Test approaches such as scenario based, use-case or exploratory do not lend themselves to a formal test case report.  They often do not have a particular method or starting condition but instead tend to rely on experienced confident testers examining the product in the same way the intended customer would.  These approaches are better tracked using a time box or complexity rating like duration or story points.  

Test cases seem like a good idea.  However in reality they are too simple a model to use in practice.  A single test case can define the intent of a test but the model breaks when used to suggest progress or the quality of the product.

I explained this to a junior member of my team and drew parallels between some exploratory testing he wanted to achieve and a prototyping story that development were planning.  Both didn't have a clear plan of implementation but they did have allotted time and a focus on learning how to achieve their aim by 'working with the software'.

This was when an alternative became clear.  This is just software engineering.  Can't we measure software development and in the same way?  Would that makes things clearer

Whats the alternative

Test work is just engineering work

If you stop thinking about testing as being the execution of test cases and instead as another type of software engineering work then an alternative approach becomes obvious.  Testers still write code, examine specifications and solve problems in the same way as a developer.  We don't track developers by the number of changesets they produce so why not treat testers in the same way and use the same tracking artefacts that are used in development.

We now use test stories for our system. Test work.  No test cases in sight.

A Test Story is similar to a development story.  It outlines the objective of the work, priority, owner and complexity.  Except in a test story the objective could be more deconstructive than that of development story.  As a dev story is constructing something new, test are de-constructing it to reveal defects.

Test Stories can be planned for an iteration and split into multiple child tasks that describe each individual unit of work.  The test story is given an estimate of the time it might take, a priority of how important it is that this test is executed and a story point rating to describe how complex this test is to implement and execute

Handling defects

Defects found during the story executuon are linked to the work item to show the 'fruit' of that story.  Development and test stories can be associated to show the testing that will be applied to new capability

Defects that are found will often require recreating to provide further diagnostics and require verification once a fix is supplied.
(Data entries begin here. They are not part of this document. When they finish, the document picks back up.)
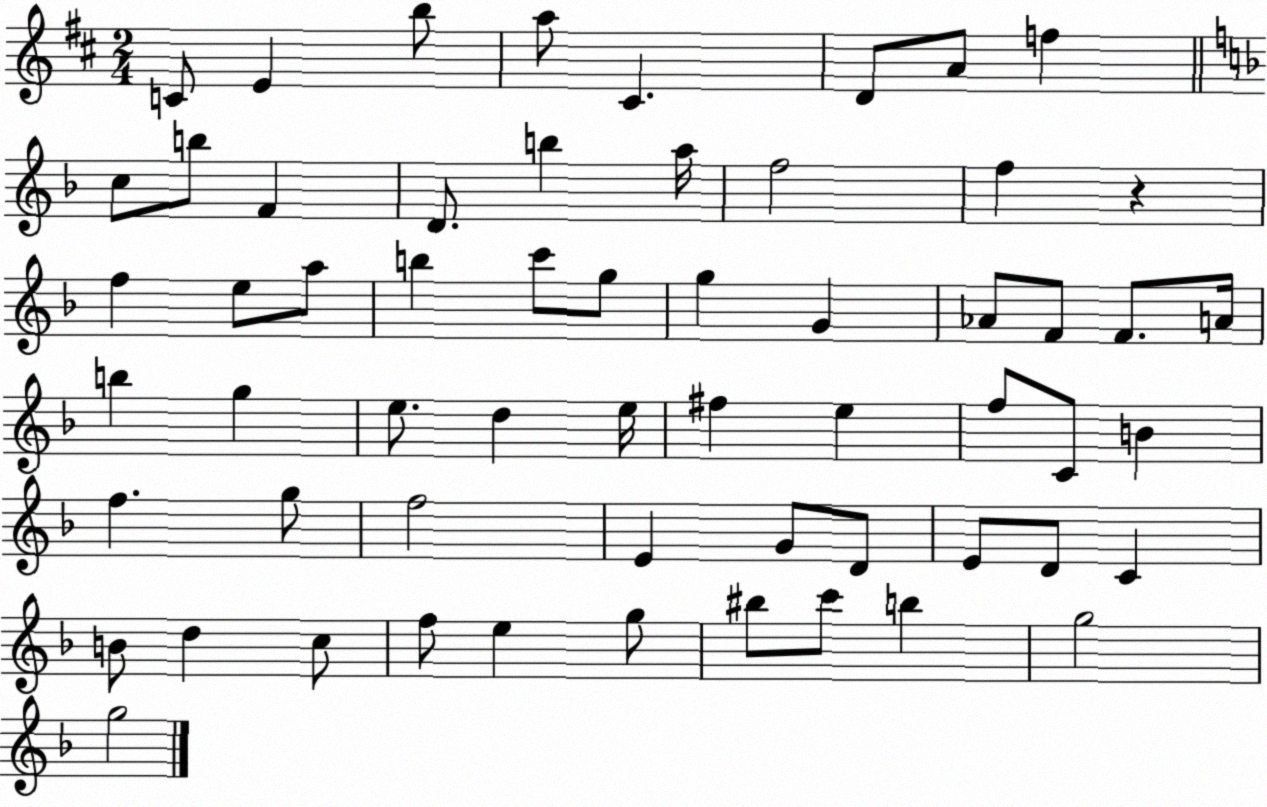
X:1
T:Untitled
M:2/4
L:1/4
K:D
C/2 E b/2 a/2 ^C D/2 A/2 f c/2 b/2 F D/2 b a/4 f2 f z f e/2 a/2 b c'/2 g/2 g G _A/2 F/2 F/2 A/4 b g e/2 d e/4 ^f e f/2 C/2 B f g/2 f2 E G/2 D/2 E/2 D/2 C B/2 d c/2 f/2 e g/2 ^b/2 c'/2 b g2 g2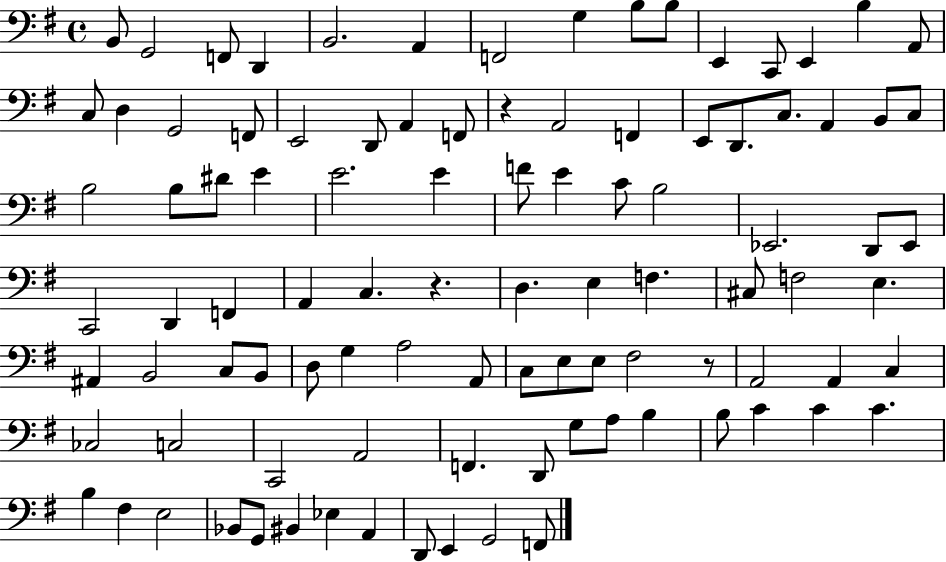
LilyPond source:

{
  \clef bass
  \time 4/4
  \defaultTimeSignature
  \key g \major
  b,8 g,2 f,8 d,4 | b,2. a,4 | f,2 g4 b8 b8 | e,4 c,8 e,4 b4 a,8 | \break c8 d4 g,2 f,8 | e,2 d,8 a,4 f,8 | r4 a,2 f,4 | e,8 d,8. c8. a,4 b,8 c8 | \break b2 b8 dis'8 e'4 | e'2. e'4 | f'8 e'4 c'8 b2 | ees,2. d,8 ees,8 | \break c,2 d,4 f,4 | a,4 c4. r4. | d4. e4 f4. | cis8 f2 e4. | \break ais,4 b,2 c8 b,8 | d8 g4 a2 a,8 | c8 e8 e8 fis2 r8 | a,2 a,4 c4 | \break ces2 c2 | c,2 a,2 | f,4. d,8 g8 a8 b4 | b8 c'4 c'4 c'4. | \break b4 fis4 e2 | bes,8 g,8 bis,4 ees4 a,4 | d,8 e,4 g,2 f,8 | \bar "|."
}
This work will need to be planned and committed to an iteration just like any other piece of work.  We have created queries to total the amount of time spent 'working' these defects.  This can help to explain delays in test progress as testers are working on defects.

Showing progress
We can now show our progress by explaining the work we have committed in an iteration and our burn down throughout the iteration.  Not using the simple metric of testcases focuses people to ask more interesting questions to determine the quality of the project:
  • What types of testing have we done?
  • What defects have we found?
  • How much time do we need to complete the high priority work
All more valid and useful than a single percentage of test case completion.

We have been using test stories as a replacement for test cases in the system test team for a few releases.  Using them has given us the following benefits:
  • The total amount of  test work that needs to be done including  prep, defect recreation and verification as well as actual testing.  We can plan our iterations a lot better.
  • Tracking is a lot easier as we can understand the duration as well as the complexity of the work rather than simple counting measures
  • We are starting to ask better questions about the state of the test project.

We still are not perfect.  We are still refining our process to ensure we estimate tasks better and ensure we don't fall into the trap of just counting test stories.  Overall we have seen an improvement in out efficiency.  Who needs test cases?  Not us!